After weeks of speculation, General Motors announced today it earned a $3.2 billion net profit in the first quarter of 2011.
A substantial figure, of course, but it should be noted a sizable portion of that profit comes from non-automotive interests. GM made $1.6 billion by selling its leftover stake in supplier Delphi; a similar move with the Ally financial organization (formerly GMAC) raked in an additional $300 million. That said, GM’s automotive operations did post a $1.7 billion profit — roughly right in line with early estimates from analysts.

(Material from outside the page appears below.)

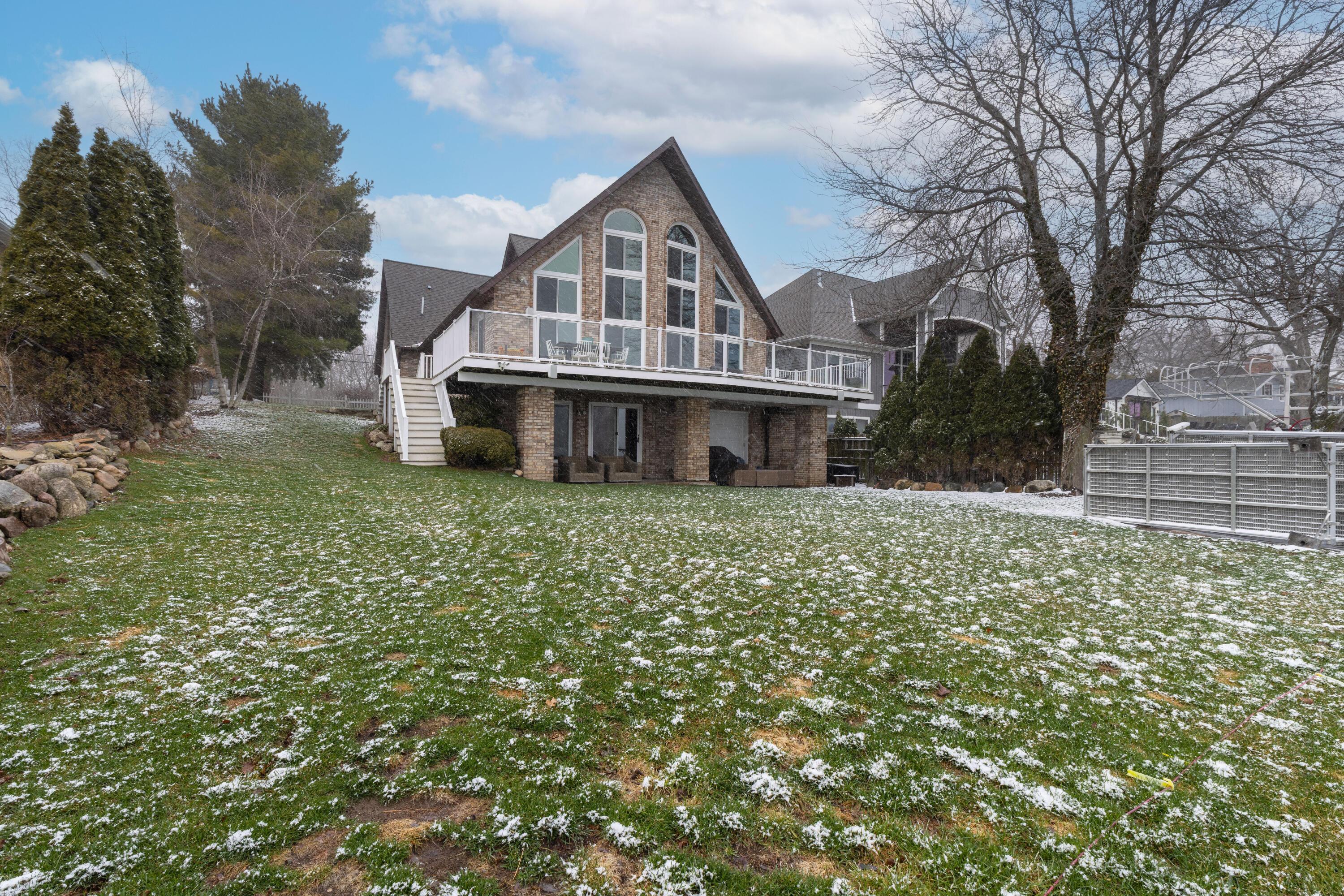 Image 2: Shore_Dr_E_2628_01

Revenues for the quarter totaled $36.2 billion, up $4.7 billion versus Q1 ’10. GM, like Ford, is facing $4 gas with a better mix of small cars and crossovers.
The $3.2 billion quarterly profit is its fifth consecutive, and its best in more than a decade. It comes to $1.77 per share, including 82 cents per share attributable to the special items. GM’s Earnings Before Income Tax (EBIT) was $3.5 billion, or $2 billion without the special items, up from $1.7 billion in the first quarter of 2010.
North American operations posted an EBIT of $2.9 billion, up by $1.7 billion over Q1 ’10. European operations posted a $400 million loss before taxes, an improvement of $600 million over Q1 ’10’s EBIT, and GM says it expects to break even on Opel/Vauxhall for the full year. International operations posted a $500 million EBIT, down from $900 million. GM South America’s $100 million EBIT was down from $300 million for the half of last Q1.
GM says it still expects no material effect on its business from the Japanese earthquake and tsunami.